I've referred to myself as a, “creature of habit,” many times on this blog. I admit to being an individual who prefers routine. In other words, I know what I like and am very comfortable living life within this familiar territory. In the past, I recall feeling guilty regarding my lack of change. People would ask me questions like, “Did you get married? Have you had any kids? Are you STILL hanging out at that same Starbucks all the time?” Of course, my answers would always remain the same, “No…No…and Duh!” I literally recall people looking at me with a smug, “Man, you’re in a rut,” smile. To this day that smile irritates me. In fact, it’s that specific facial expression that has inspired me to write this post…that, and the arrival of another new year.
I want to first clarify that I find nothing wrong with those who don’t embrace change. To me, it seems probable that these people are content in their chosen lifestyle. What’s wrong with knowing which coffee house makes the best decaf vanilla latte in town? Why should I force myself to slug down a bunch of bitter beverages when I’ve already found my favorite? I guess I feel like that last sentence could be used metaphorically for most aspects of my life. Basically, I’m happy with the way things are going so I encourage people to smile genuinely for me.
However during the year of 2016 there were times my own smile faltered. Yep, this was the year that, “Same Ol’ Same Ol’,” felt inspired to make a major life change. 2016 will forever be remembered by me as the time I quite suddenly left my job of ten years to pursue…well, I had no idea. That’s the peculiar thing about me. When I finally do make a life change it’s usually swift, major, and semi-dramatic. Again, I never just switch coffee houses…seriously, why would I do such a ridiculous thing?
While I've started adjusting to my new path, I can’t help but reflect on how different last year was for me since leaving my previous employer.

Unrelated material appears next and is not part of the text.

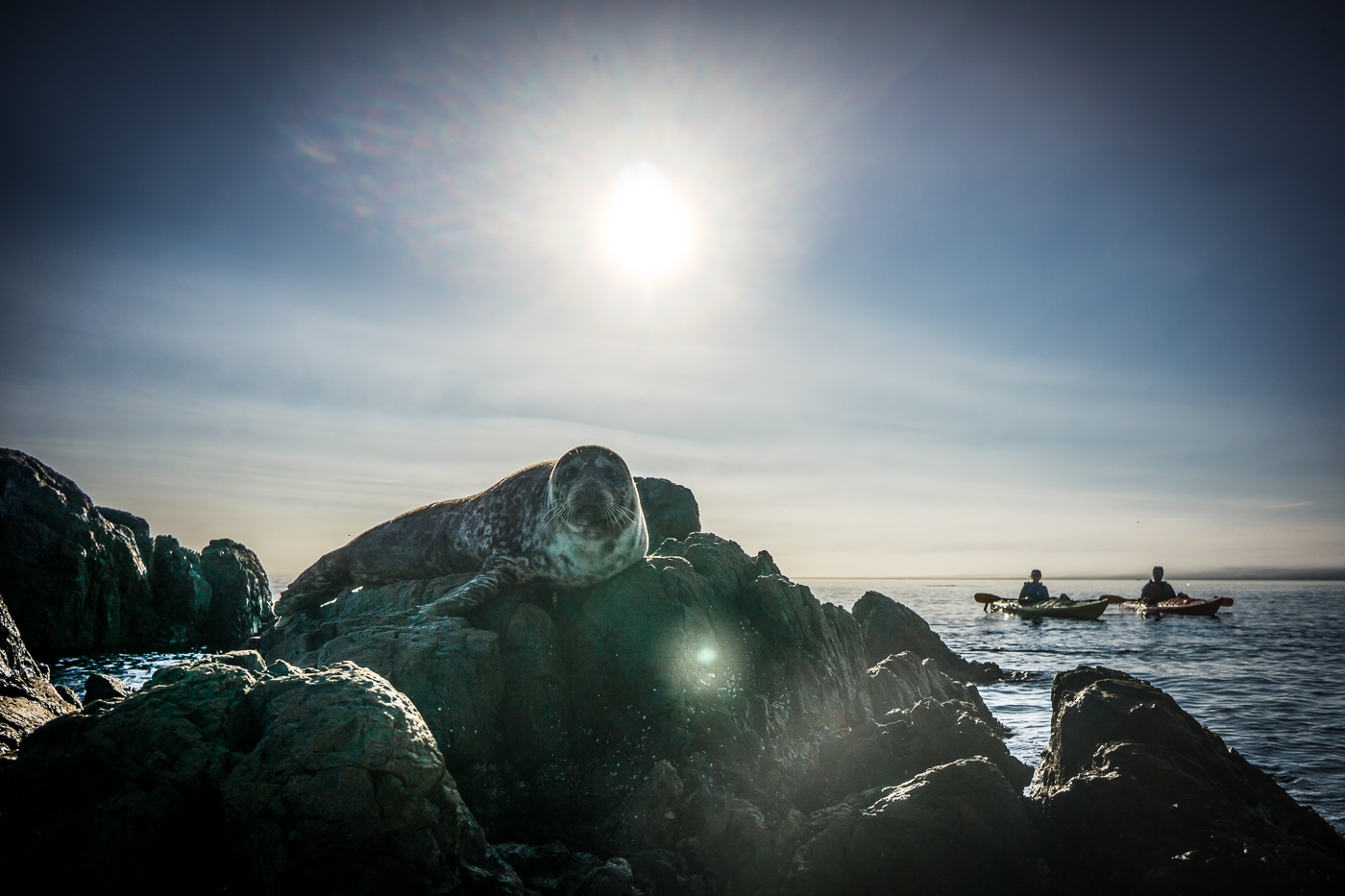 Shot of the Week: Kayak to the Seals of the Brothers Islands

I can only explain it as a ripple effect. One seemingly, “cataclysmic,” event changed my whole routine for the majority of last year. Suddenly I was no longer reading my books…I had to look for a job! I hardly stepped foot into the library…I needed a job! I knew it was serious when my Starbucks gold card balance never changed because…who had time for coffee?...for the love of God, where would I find a job?! Like I said, I can be very dramatic. However, these were literally the thoughts going through my head as I frantically searched my soul for what my next calling would be.
While I’ve since found a new direction that is currently rewarding, I’ve noticed many of my previous habits have still not returned. I have yet to pick up a book and I seem to be only frequenting coffee houses with other individuals. Okay, I go to the coffee house with dad lately…and we’ve been going to Caribou. “Sob!”...that Caribou thing was hard to admit...why would we do that?!
In conclusion, 2016 was a year of substantial upheaval for me. There was a lot of running around, hands clutching my head, yelling, “What am I going to do!” I guess that’s what makes me extra proud of some of the pictures I took last year. Despite the fact that for a decent amount of time I felt like I was free falling, I look pretty damn confident in these photographs. I guess it’s just further proof that clothes have the power to cure whatever ails you. In 2017 I look forward to continuing my new career adventure and I pledge to embrace wherever it may take me. In addition, this creature of habit can’t wait for all the new clothes this year may bring. If I've learned one thing from last year, it's that nothing sweetens bitter coffee more than an outstanding outfit.